1. Create and train a deep neural net

Create a deep neural net (with 4 hidden layers), say model1, train it to recognize digits 0-4 in MNIST dataset.
import tensorflow as tf
import numpy as np
from tensorflow.contrib.layers import fully_connected
tf.reset_default_graph()

n_inputs = 28*28
n_outputs = 10

# Define inputs
X = tf.placeholder(tf.float32, shape=(None, n_inputs), name='X')
y = tf.placeholder(tf.int64, shape=(None), name='y')

# Construct the neural network
with tf.name_scope('dnn'):
    hidden1 = fully_connected(inputs=X, num_outputs=300, scope='hidden1')
    hidden2 = fully_connected(inputs=hidden1, num_outputs=100, scope='hidden2')
    hidden3 = fully_connected(inputs=hidden2, num_outputs=100, scope='hidden3')
    hidden4 = fully_connected(inputs=hidden3, num_outputs=100, scope='hidden4')
    logits = fully_connected(inputs=hidden4, num_outputs=n_outputs, scope='outputs', activation_fn=None)
    
with tf.name_scope('loss'):
    xentropy = tf.nn.sparse_softmax_cross_entropy_with_logits(labels=y, logits=logits)
    loss = tf.reduce_mean(xentropy, name='loss')

learning_rate = 0.01
with tf.name_scope('train'):
    optimizer = tf.train.GradientDescentOptimizer(learning_rate=0.01)
    training_op = optimizer.minimize(loss)

with tf.name_scope('eval'):
    correct_op = tf.nn.in_top_k(predictions=logits, targets=y, k=1)
    accuracy_op = tf.reduce_mean(tf.cast(correct_op, tf.float32))

# Get the MNIST data
from tensorflow.examples.tutorials.mnist import input_data
mnist = input_data.read_data_sets('/tmp/data')

init = tf.global_variables_initializer()
model1_saver = tf.train.Saver()

n_epochs = 20
batch_size = 1000
n_iterations = mnist.train.num_examples // batch_size
model1_save_path = './dnn_model.ckpt'

# We'll store the test dataset accuracy as we train the model.
model1_test_acc = list()

# Utility method to filter the training data (with digits between min and max)
def subset(X_batch, y_batch, min, max):
    zipped = list(zip(X_batch, y_batch))
    zipped_batch_min_to_max = ([x for x in zipped if x[1] >= min and x[1] <= max])
    x_uz, y_uz = zip(*zipped_batch_min_to_max)
    return list(x_uz), list(y_uz)

# Train the network
with tf.Session() as sess:
    init.run()
    
    X_test_acc, y_test_acc = subset(mnist.test.images, mnist.test.labels, 0, 4)
    for epoch in range(n_epochs):
        for iteration in range(n_iterations):
            X_batch, y_batch = mnist.train.next_batch(batch_size);
            X_batch_0_4, y_batch_0_4 = subset(X_batch, y_batch, 0, 4)
            
            sess.run(training_op, feed_dict={X: X_batch_0_4, y: y_batch_0_4})
        
        acc_test = sess.run(accuracy_op, feed_dict={X: X_test_acc, y: y_test_acc})
        model1_test_acc.append(acc_test)
            
        print('epoch:', epoch)
        print('test acc:', acc_test)
        
        model1_saver.save(sess, save_path=model1_save_path)
At this point, we have model1 trained for recognizing digits 0-4 in MNIST dataset.

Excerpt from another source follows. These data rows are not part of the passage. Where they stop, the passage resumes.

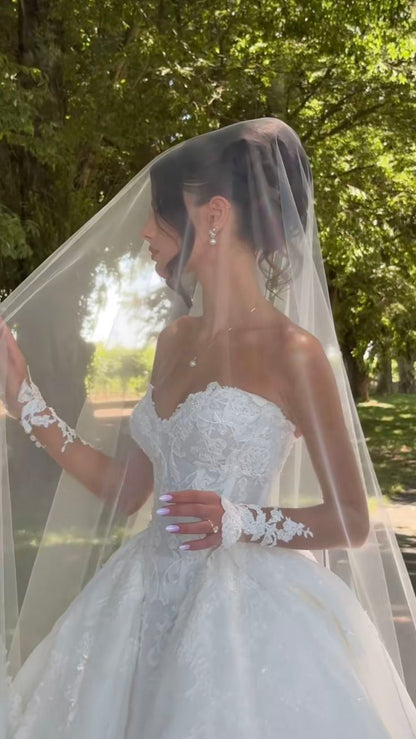 Elegant Lace Applique Sweetheart Wedding Dress A-Line Strapless Bridal Gown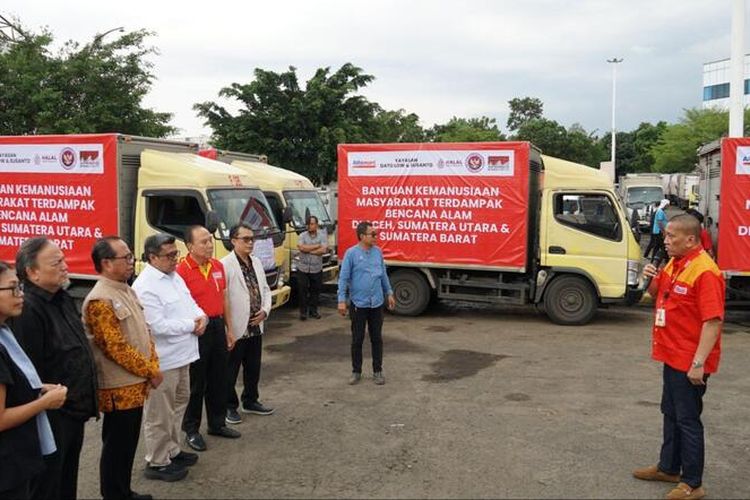 Pelepasan truk berisi bantuan logistik Alfamart untuk warga terdampak bencana di Aceh, Sumut, dan Sumbar.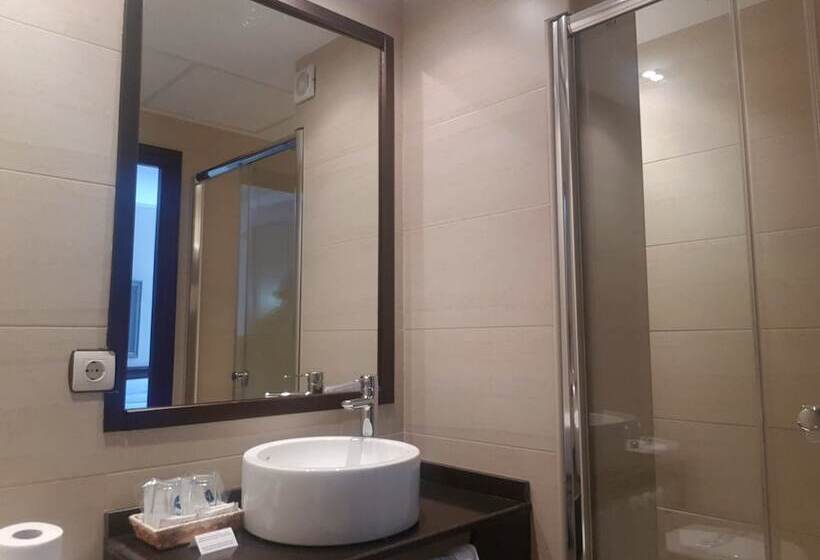 家庭间, Gran Hotel Paraiso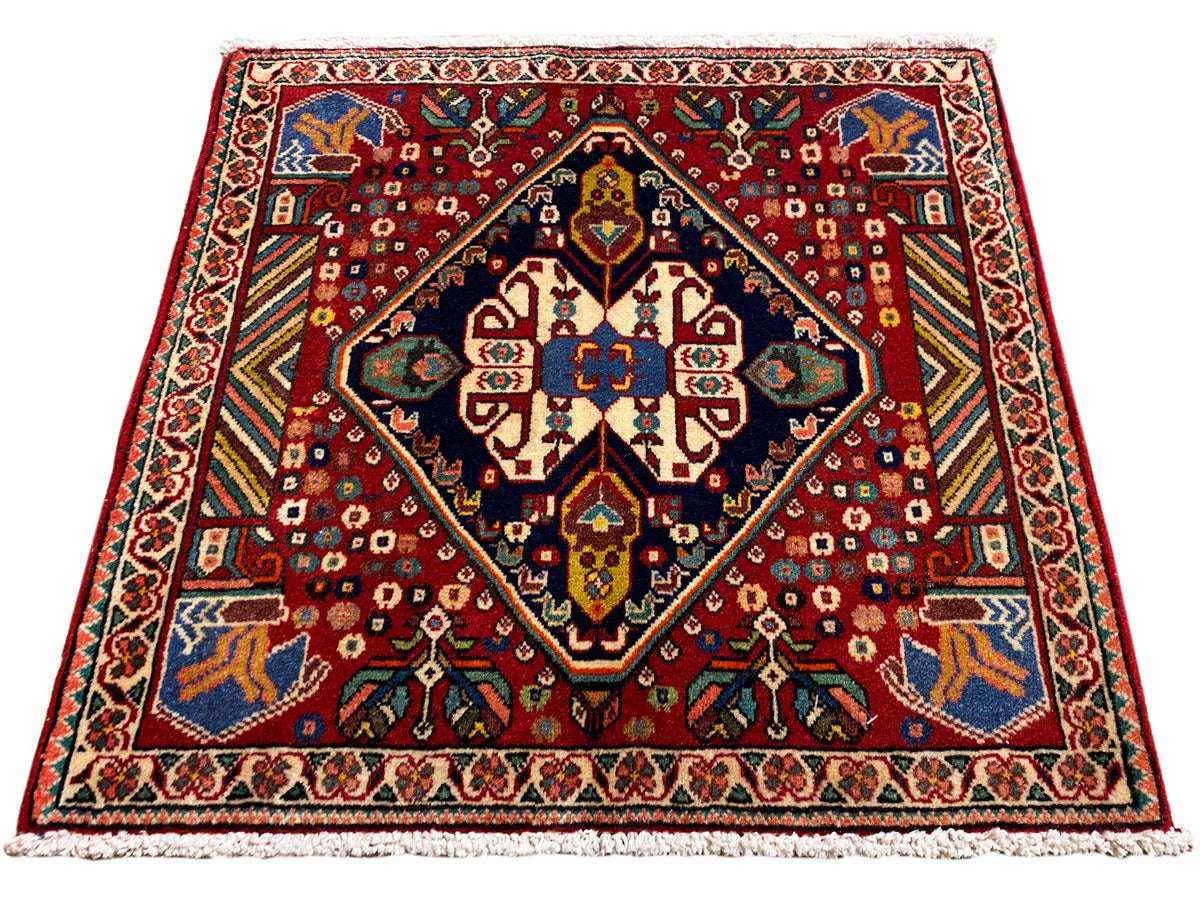 Teppich 66x62 cm mit rotem Muster, dunklem Rahmen und farbigen Ornamenten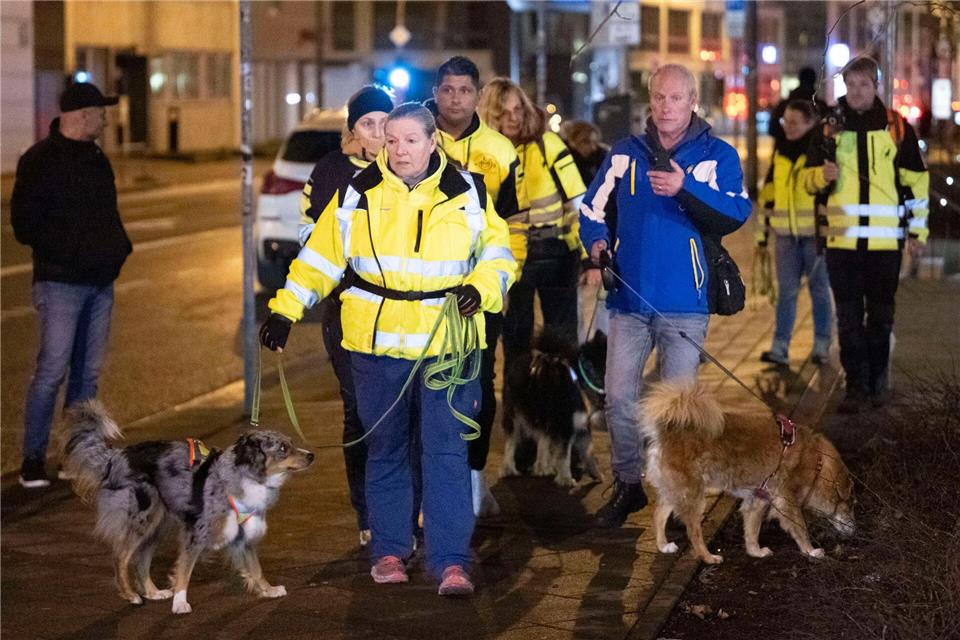 Eine private Initiative unterstützt die Suche. Boris Roessler/dpa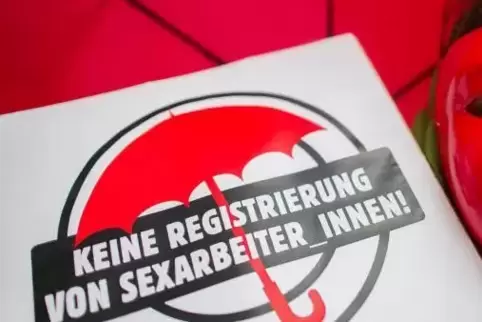 Schützt das Gesetz die Prostituierten oder stigmatisiert es sie? Das ist ein Streitfall.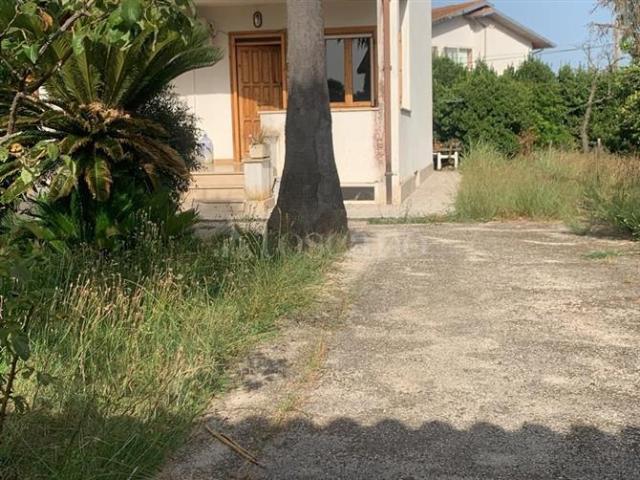 Villa Plurifamiliare di 120 mq a Sabaudia Sabaudia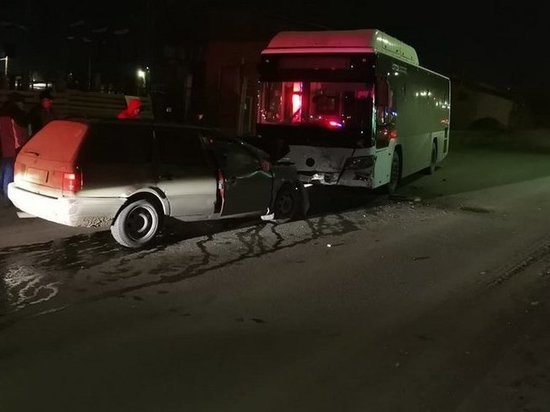Автобус и Volkswagen Passat столкнулись в Братске, пострадал мужчина
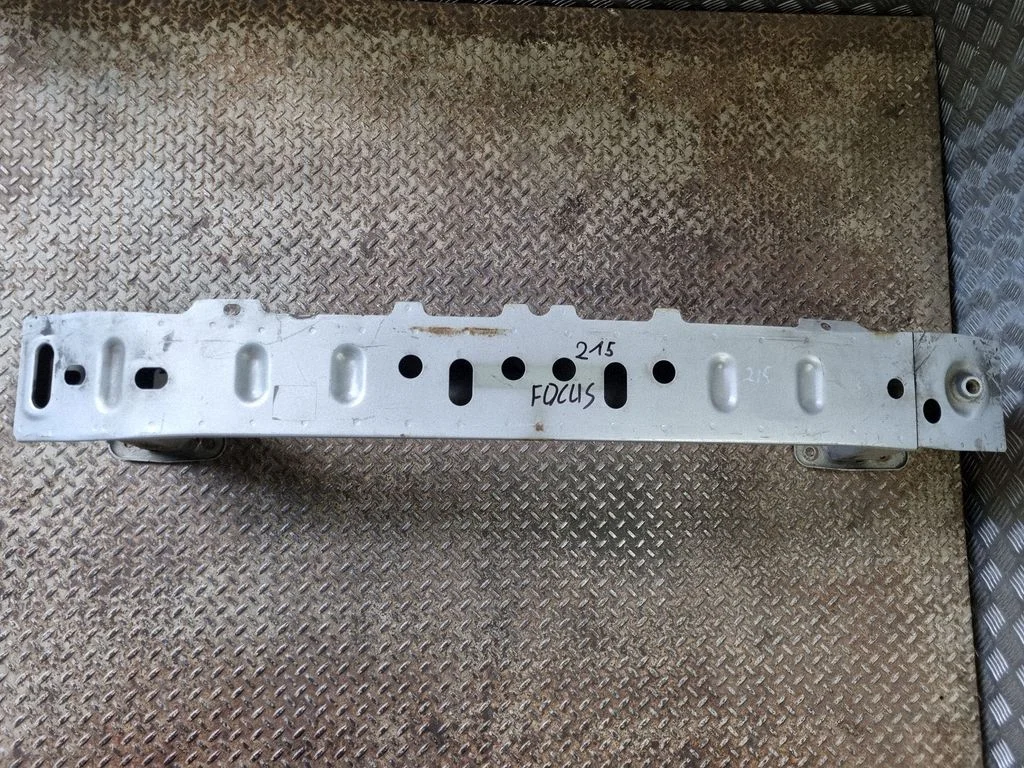 Esistange põikitala – Ford Focus C-MAX (2003-2010)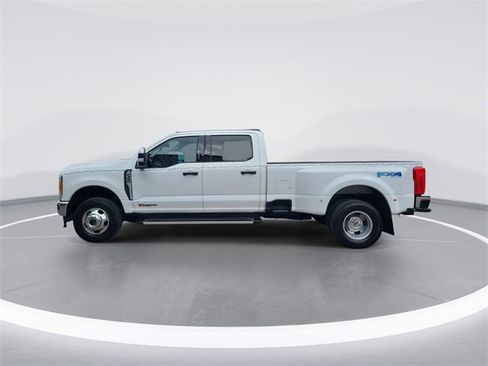 Used 2023 Ford F350 XLT image 1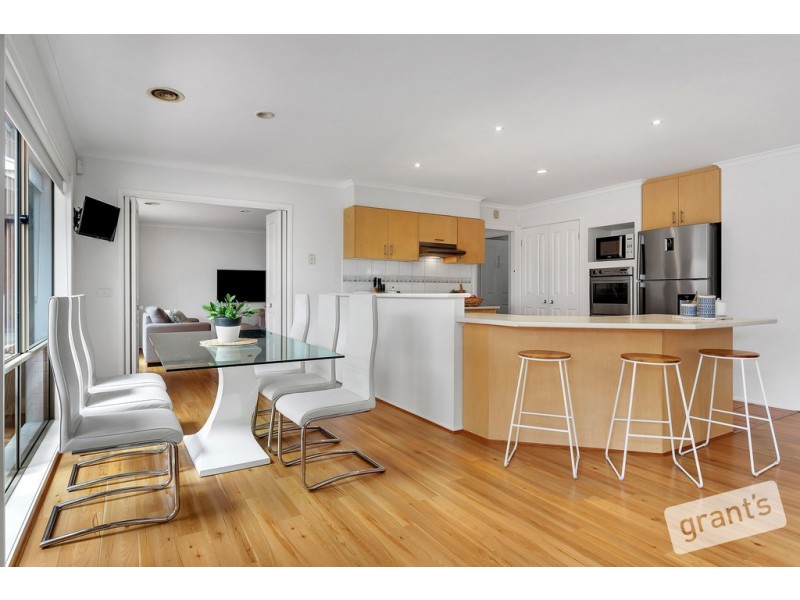 4 Keswick Court, Narre Warren South VIC 3805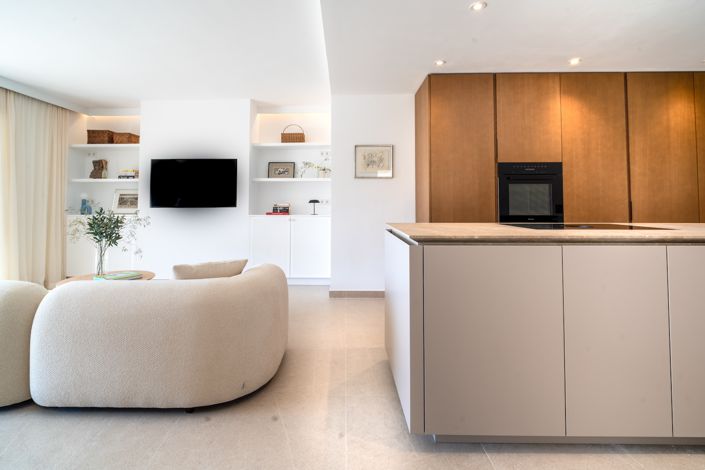 Image No.10-2 Bed Apartment for sale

We achieved approximately 97.2% accuracy on the test dataset.

2. Transfer learn a new model

Create a new neural network, say model2 (identical structure), and copy (transfer) the first two hidden layers of model1 to model2.
We'll
  1. Extract and save the 1st and 2nd hidden layers of model1.
  2. Restore the saved 1st and 2nd hidden layers in a new session.
  3. Confirm that only hidden1 and hidden2 weights/biases are transferred.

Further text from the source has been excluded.